I shot a video using the Minoru video camera. After applying the Overlay filter, I got a nice video with the Left and Right video streams arranged side-by-side. In this screenshot, I am pointing my little brother’s Nerf guns towards each of the Minoru’s two cameras -
I can experiment with the Stereoscopic anaglyph filters to extend it to a single-screen 3D live stream. But the present task involves streaming to the Oculus Rift which is what I’ll be working on next. In addition to ffmpeg
, I also made use of ffserver
and ffplay
in my Streaming workflow. These have been explained in a previous post.
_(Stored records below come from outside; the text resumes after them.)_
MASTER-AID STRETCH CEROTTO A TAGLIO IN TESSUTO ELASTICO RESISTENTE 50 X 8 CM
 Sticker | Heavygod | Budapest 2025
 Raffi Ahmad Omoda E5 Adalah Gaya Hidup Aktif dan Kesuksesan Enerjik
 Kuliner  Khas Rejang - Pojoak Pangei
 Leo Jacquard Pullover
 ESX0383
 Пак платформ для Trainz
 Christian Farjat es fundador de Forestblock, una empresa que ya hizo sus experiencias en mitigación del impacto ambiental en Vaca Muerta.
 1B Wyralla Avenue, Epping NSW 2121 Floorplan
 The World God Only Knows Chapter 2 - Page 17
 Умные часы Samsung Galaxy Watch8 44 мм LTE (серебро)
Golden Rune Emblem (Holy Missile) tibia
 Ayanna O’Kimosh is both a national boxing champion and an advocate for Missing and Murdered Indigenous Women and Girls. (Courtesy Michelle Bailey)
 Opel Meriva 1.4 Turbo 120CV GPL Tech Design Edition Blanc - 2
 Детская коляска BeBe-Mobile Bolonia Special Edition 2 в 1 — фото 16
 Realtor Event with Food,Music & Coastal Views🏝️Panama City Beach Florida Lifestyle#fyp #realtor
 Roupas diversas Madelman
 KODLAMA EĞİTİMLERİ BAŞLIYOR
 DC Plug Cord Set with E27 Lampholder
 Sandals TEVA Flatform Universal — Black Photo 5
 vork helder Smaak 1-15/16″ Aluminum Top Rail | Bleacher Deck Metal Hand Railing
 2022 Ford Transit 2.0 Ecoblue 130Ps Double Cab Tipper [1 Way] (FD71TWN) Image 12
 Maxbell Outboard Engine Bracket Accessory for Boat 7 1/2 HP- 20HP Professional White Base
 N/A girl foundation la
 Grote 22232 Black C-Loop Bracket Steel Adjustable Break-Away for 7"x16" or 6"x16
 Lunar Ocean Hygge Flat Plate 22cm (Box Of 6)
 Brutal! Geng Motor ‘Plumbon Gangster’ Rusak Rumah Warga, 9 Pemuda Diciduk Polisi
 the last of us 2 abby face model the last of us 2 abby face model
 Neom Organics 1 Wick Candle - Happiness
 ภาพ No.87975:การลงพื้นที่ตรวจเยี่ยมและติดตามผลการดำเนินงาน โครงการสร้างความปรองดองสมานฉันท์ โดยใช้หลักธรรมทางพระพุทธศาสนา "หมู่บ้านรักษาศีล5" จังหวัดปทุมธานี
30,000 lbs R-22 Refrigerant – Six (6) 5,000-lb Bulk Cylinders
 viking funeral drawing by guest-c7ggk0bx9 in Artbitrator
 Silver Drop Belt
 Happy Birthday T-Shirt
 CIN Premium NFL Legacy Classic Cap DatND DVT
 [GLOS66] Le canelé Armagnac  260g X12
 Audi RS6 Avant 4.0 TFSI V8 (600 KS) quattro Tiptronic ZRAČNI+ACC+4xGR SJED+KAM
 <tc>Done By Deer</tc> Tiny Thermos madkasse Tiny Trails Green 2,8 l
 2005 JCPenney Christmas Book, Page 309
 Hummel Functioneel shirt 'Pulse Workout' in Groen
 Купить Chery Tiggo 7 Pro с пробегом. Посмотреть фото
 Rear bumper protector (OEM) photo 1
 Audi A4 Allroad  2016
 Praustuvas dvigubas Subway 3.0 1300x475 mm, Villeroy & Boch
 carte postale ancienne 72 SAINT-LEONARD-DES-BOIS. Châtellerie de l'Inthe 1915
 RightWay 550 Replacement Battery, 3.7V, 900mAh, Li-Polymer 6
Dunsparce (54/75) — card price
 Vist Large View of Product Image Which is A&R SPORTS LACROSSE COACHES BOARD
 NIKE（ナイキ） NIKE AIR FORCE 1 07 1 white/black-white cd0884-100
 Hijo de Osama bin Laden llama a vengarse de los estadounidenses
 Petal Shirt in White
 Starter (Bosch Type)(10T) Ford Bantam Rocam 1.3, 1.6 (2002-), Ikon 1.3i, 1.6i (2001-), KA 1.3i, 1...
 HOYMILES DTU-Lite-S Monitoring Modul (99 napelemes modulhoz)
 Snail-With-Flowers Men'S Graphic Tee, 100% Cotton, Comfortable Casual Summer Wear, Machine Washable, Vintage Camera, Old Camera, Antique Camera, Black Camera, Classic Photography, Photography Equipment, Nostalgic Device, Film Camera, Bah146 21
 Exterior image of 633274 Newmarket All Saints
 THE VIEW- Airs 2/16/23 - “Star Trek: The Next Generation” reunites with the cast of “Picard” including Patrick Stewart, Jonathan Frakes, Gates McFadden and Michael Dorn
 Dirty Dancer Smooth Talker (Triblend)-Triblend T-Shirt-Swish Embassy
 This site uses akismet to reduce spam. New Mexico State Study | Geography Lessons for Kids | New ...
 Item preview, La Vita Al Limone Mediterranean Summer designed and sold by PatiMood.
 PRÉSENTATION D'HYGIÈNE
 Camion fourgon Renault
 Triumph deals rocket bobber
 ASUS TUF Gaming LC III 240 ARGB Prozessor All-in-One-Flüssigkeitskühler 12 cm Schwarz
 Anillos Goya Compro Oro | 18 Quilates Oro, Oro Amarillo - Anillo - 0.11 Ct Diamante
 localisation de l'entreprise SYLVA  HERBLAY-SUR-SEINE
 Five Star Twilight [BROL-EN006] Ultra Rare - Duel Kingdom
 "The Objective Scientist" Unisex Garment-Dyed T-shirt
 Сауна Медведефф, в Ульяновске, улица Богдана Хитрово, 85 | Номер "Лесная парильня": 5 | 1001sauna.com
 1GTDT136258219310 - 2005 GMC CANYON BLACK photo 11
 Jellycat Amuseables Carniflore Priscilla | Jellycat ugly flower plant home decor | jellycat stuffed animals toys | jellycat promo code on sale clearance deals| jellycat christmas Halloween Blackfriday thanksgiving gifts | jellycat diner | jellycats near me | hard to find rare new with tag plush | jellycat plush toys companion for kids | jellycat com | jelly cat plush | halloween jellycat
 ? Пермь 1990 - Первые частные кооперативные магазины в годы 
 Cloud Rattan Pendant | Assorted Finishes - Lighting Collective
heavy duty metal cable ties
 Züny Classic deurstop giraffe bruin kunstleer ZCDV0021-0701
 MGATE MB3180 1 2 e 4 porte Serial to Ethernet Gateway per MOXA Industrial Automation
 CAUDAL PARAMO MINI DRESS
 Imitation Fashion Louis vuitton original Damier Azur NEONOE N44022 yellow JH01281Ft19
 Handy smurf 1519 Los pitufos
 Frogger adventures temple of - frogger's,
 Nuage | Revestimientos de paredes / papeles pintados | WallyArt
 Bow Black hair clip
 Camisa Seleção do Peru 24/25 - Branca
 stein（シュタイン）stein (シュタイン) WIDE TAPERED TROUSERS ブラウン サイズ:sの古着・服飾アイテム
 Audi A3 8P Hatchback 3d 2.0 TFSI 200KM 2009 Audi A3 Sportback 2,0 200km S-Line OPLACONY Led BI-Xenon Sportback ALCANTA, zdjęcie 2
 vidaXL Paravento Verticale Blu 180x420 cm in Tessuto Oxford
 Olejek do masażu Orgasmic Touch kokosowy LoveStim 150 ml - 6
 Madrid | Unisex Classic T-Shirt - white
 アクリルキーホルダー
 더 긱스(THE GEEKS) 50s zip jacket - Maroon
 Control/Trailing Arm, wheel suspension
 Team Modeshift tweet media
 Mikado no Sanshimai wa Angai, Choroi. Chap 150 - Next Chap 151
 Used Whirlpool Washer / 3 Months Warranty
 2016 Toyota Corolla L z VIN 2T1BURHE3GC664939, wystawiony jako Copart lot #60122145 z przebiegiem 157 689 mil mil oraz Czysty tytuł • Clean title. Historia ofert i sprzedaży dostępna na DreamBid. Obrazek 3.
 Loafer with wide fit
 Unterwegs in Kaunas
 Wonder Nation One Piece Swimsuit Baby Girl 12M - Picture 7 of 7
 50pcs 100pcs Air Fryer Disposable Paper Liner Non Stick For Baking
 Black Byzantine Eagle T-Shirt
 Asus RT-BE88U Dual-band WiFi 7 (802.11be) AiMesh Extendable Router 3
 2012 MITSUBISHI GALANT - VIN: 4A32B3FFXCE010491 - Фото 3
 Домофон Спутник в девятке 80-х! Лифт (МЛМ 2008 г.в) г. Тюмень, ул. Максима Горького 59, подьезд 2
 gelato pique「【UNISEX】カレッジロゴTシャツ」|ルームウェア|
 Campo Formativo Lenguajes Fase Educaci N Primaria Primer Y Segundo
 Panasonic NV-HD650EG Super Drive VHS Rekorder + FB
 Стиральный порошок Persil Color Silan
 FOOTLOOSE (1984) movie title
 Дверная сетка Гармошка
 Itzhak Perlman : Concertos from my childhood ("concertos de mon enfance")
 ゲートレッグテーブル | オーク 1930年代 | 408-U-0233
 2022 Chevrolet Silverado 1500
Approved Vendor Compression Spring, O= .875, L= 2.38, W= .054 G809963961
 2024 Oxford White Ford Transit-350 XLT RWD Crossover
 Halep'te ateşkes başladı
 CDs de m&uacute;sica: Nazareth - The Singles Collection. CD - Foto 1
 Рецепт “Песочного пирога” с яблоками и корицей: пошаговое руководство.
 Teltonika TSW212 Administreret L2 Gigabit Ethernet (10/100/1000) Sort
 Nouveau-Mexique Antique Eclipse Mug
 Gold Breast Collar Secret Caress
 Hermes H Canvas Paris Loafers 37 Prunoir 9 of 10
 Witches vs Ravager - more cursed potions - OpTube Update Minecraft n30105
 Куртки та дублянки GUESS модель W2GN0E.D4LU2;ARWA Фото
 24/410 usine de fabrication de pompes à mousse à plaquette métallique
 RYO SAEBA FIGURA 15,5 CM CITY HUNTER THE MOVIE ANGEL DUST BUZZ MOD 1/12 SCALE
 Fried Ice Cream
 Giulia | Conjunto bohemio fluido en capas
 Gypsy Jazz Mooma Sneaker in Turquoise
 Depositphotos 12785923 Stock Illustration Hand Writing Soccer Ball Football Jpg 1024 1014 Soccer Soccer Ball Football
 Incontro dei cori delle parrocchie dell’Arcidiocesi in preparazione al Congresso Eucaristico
Experiments with v4l2stereo
Working with stereoscopic cameras is atypical to a traditional Computer Vision workflow. Each of the cameras require calibration in order for Range-Imaging applications like depth maps and point clouds to work. I calibrated my camera using the excellent v4l2stereo tool.
Here are some screenshots -
Basic Feature detection -
Closing remarks
This was a very hectic couple of weeks. The output I produced pales in comparison to the tinkering that I had been doing. I’ll be using all the important scripts that did not make it to the final repository in the documentation so that future students won’t have to wade through the insurmountable learning curve of Multimedia Streaming. All the work regarding this can be found here. I realized the overwhelming importance of IRC channels when I got help from #ffmpeg and #v4l2 channels when I was stuck with no end in sight. I gathered a GREAT DEAL of experience in Video Streaming which I hope will go a long way.
This has been one giant bi-weekly report. Thank you for reading. Ciao!